# INSTRUCTIONS TO FOLLOW:
Exactly the lines from the one containing "800 Oakwood Court Property Photo" through the end of the listing below are required, restated word for word and without pictures.

# SOURCE DATA:
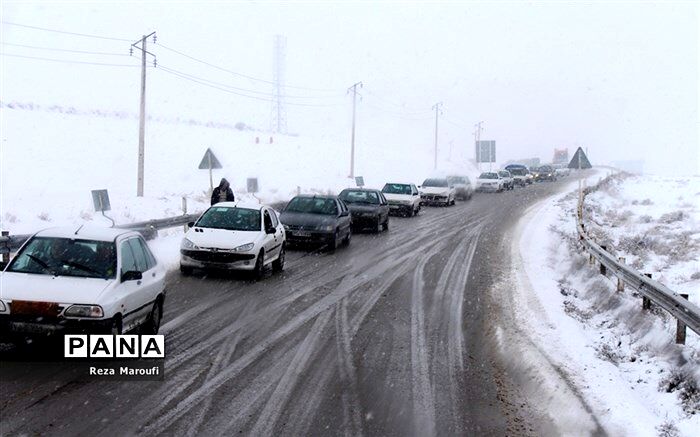 جاده‌های ۲۶ استان برفی و بارانی است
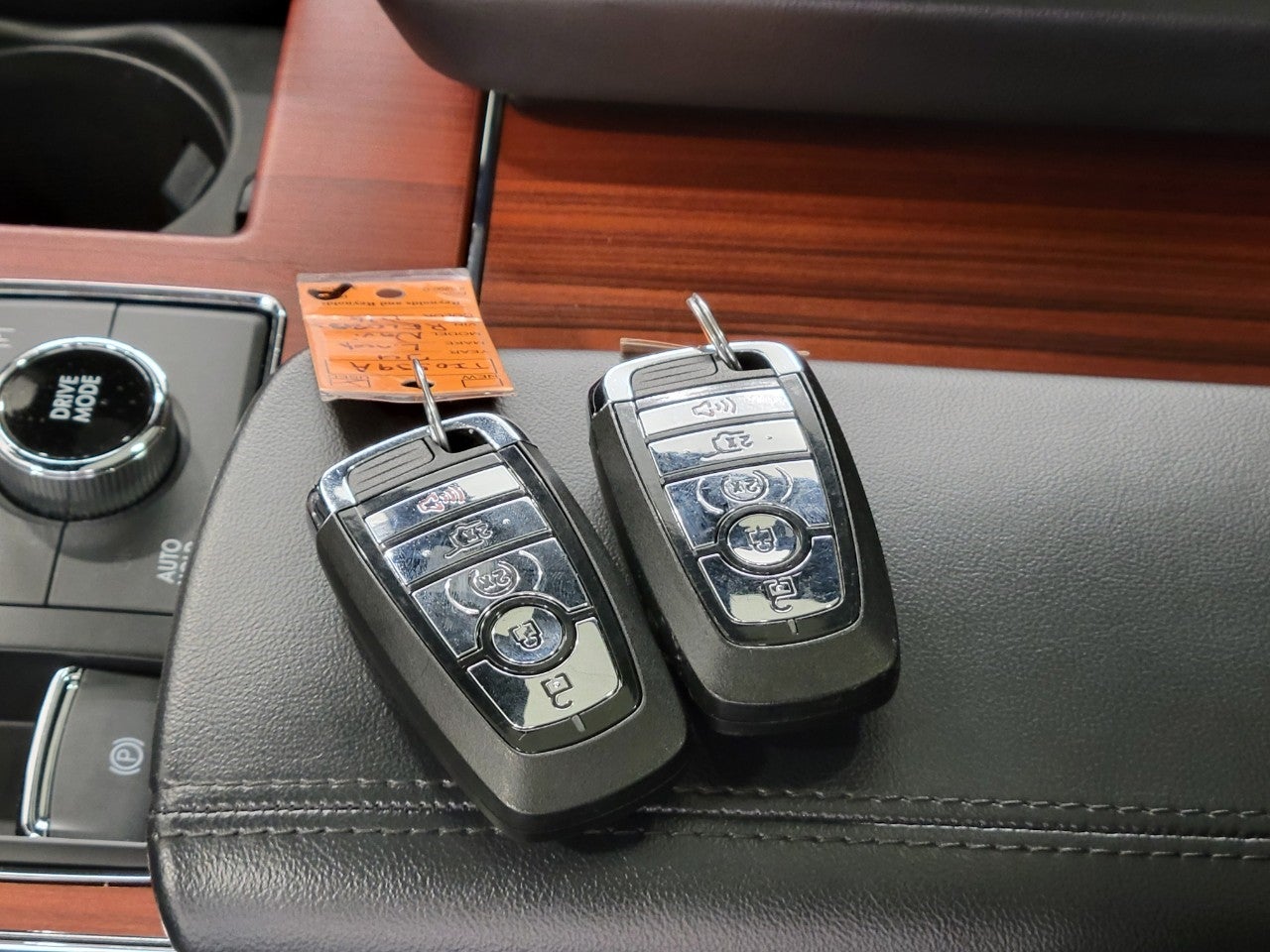 2024 Lincoln Navigator L RESERVE 4X4 ** LUXERY PACKAGE ** MONOCHROMATIC PACKAGE ** PANROAMIC SUNROOF **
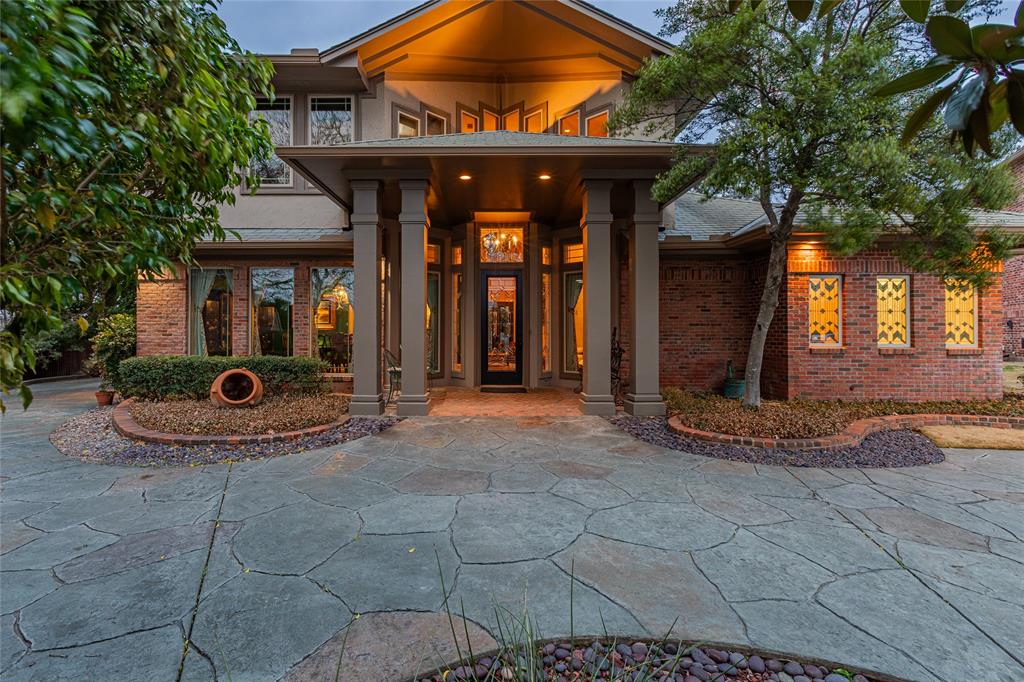 800 Oakwood Court Property Photo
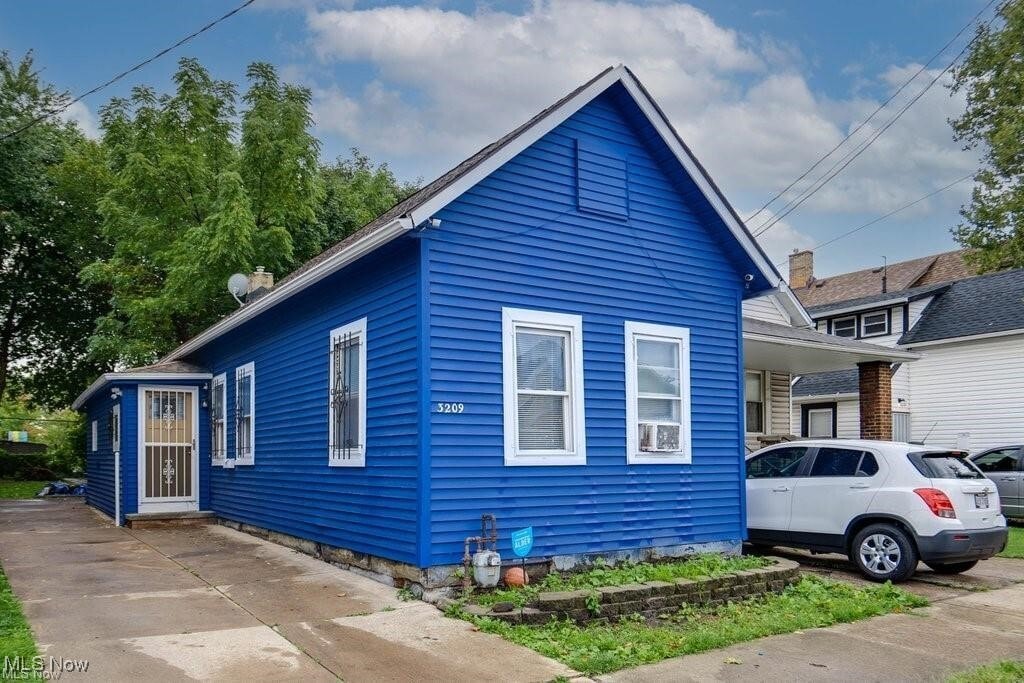 Primary Photo - 3209 Trowbridge Ave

# YOUR SOLUTION:
 800 Oakwood Court Property Photo
 Primary Photo - 3209 Trowbridge Ave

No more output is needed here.